A slightly different format this week.

I was chatting to a client about a difficult conversation they had with an employee and as the dialogue progressed I made several suggestions that, according to the client, were helpful. I thought I’d take the time to share them with you for whenever you might be faced with a difficult conversation.


Separate your position from your personality

On many occasions, our role demands that we ask for or insist on tasks to be completed and commitments to be made. Sometimes it’s easier for us to separate our persona from the responsibility the role demands. Over the years I’m sure we’ve all had to make and take decisions that can have a significant impact on people. It’s usually always a conversation no one likes to have but for the benefit of the organisation/client, we have to have it. Without absolving yourself completely, sometimes it can be easier to present the case as a demand of the role rather than a demand from you personally.


Sit alongside not across

I’m sure we’ve all been in situations when we’ve taken a teenager for a drive so we can have a deeper more personal conversation. There’s something less threatening about sitting alongside someone than sitting across from someone. Going for a walk together would be another example when walking alongside (and probably moving too) the other person creates a different level of energy and dialogue.

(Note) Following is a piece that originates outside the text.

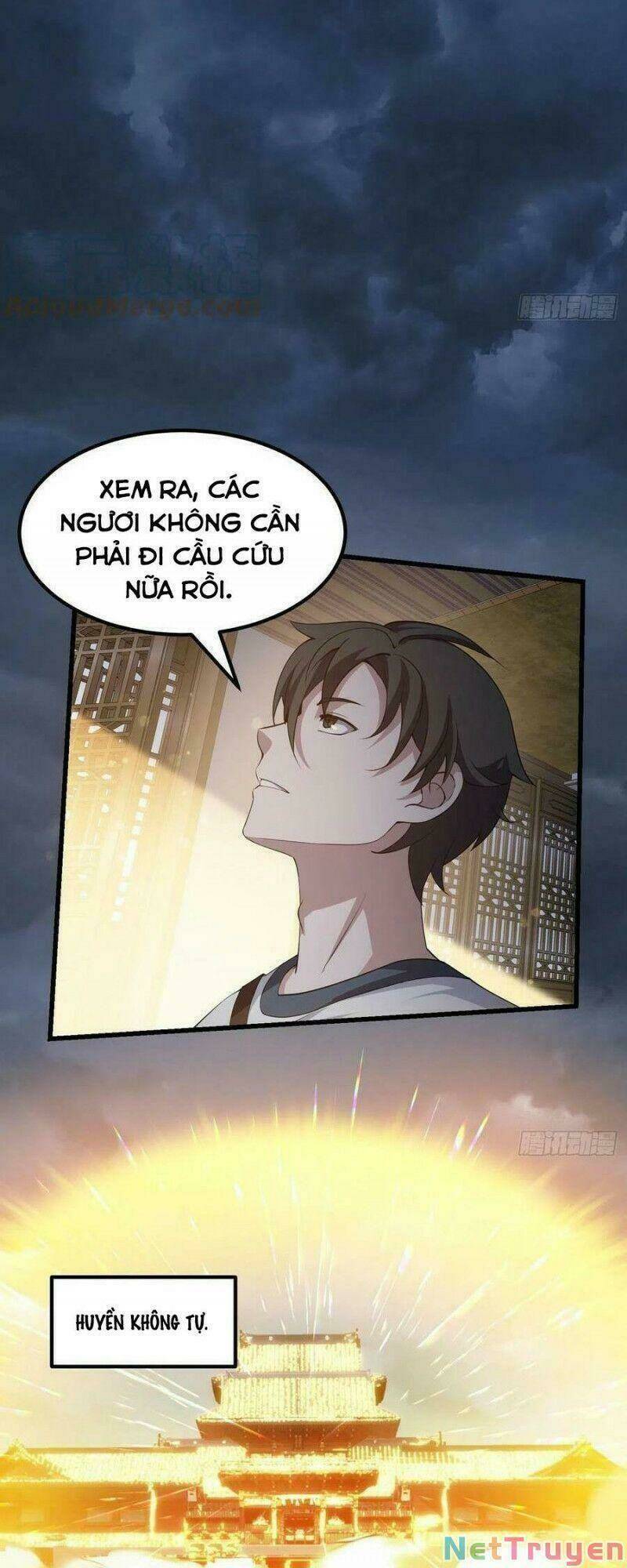 Ta Chẳng Qua Là Một Đại La Kim Tiên: Chapter 253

So, whether it’s physically, mentally, or emotionally can you position the conversation as a conversation alongside each other so we can ‘look’ at the situation together. Sitting across from tends to create a subliminal adversarial position which requires a defensive position.


Consider what might be at stake for them

Usually when someone resists there’s something hidden or bigger at stake for them than the subject of the conversation. It could be that they perceive their competence, their effectiveness, their status, their significance, their worthiness, or something else at stake in the conversation. Seeking to understand this first helps you understand their perspective.

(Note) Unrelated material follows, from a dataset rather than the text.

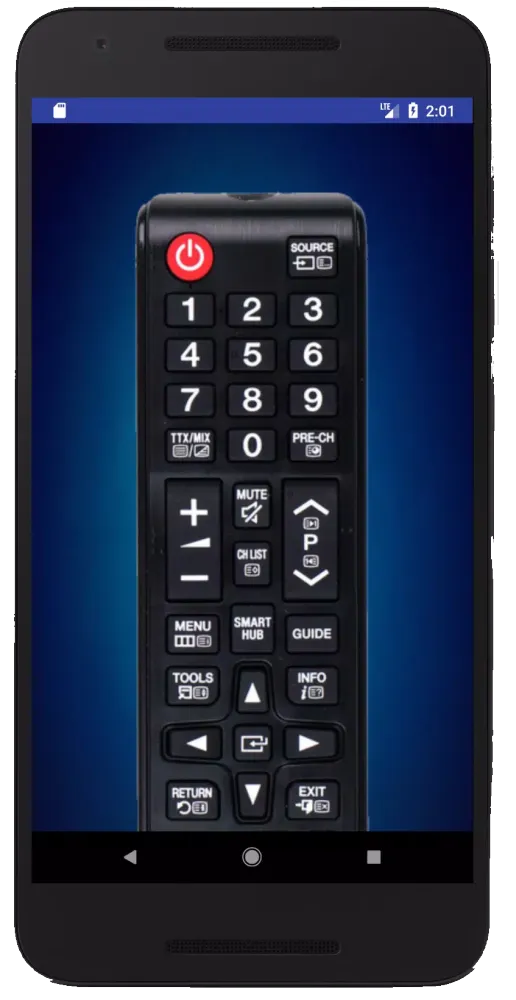 Capturas de pantalla de Remote for (Samsung)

Allow space for them to be seen, heard, acknowledged, or held

I regularly come across conversations where the other person inadvertently is seeking to be seen or heard. Once they feel heard they are more willing to hear. Can you create space - silence, pausing, acknowledgment, etc - to allow that to evolve without the need to tie the conversation up in a nice bow at the end.


Three truths

In any dialogue, there are usually three truths. Their truth. Your truth. And the truth. Finding ways to allow the expression of all three – including yours – can lead to a more meaningful conversation for all concerned. Do you have the compassion to sit with them long enough that they are willing to share their truth? Do you have the courage to share the truth as you see it?


Observation or evaluation

“John works too hard”. Is this an observation or an evaluation? At first glance, it seems like a reasonable observation. Until you realise that the word ‘too’ is an evaluation. It might be the correct evaluation but an evaluation all the same.

Criticism is often how it lands when observation is followed by evaluation. When criticised most people feel some sort of need to defend themselves. Once that is triggered the conversation can soon be over but you’ll keep talking for a while.

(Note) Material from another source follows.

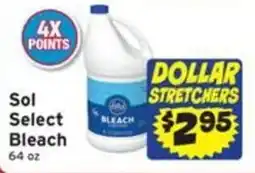 Ray's Food Sol Select Bleach offer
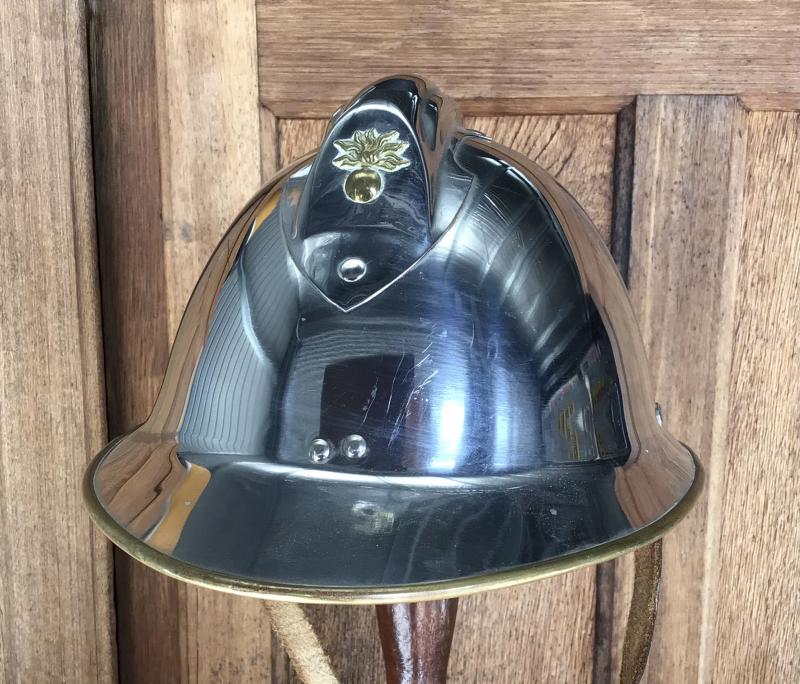 French Sapeur Pompier Fire Helmet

Did you miss the Freedom Fridays Episode with Helena Clayton?

Catch up before the new release on Friday.

In Episode #54 Pete chats with Helena Clayton, a leadership development coach, consultant, and facilitator based in the UK. Having started her executive career in a series of strategic and operational HR roles, Helena has experienced first-hand the vast impact that poor and exceptional leadership can make on an organisation and its people.

Helena thrives as an independent consultant and associate working for various clients and in partnership with organisations. Helena works with Roffey Park as part of their Faculty for the MSc in People and Organisational Development and with London Business School as a Programme Director.

Helena’s current research focuses on love in the workplace and Pete and Helena talk about freedom from shades of grey, the cages we put ourselves in without realising, and the philosophy of living life with love at the centre.

   
              

 

That's all for this week. I hope you enjoyed Weekly Whisper #63.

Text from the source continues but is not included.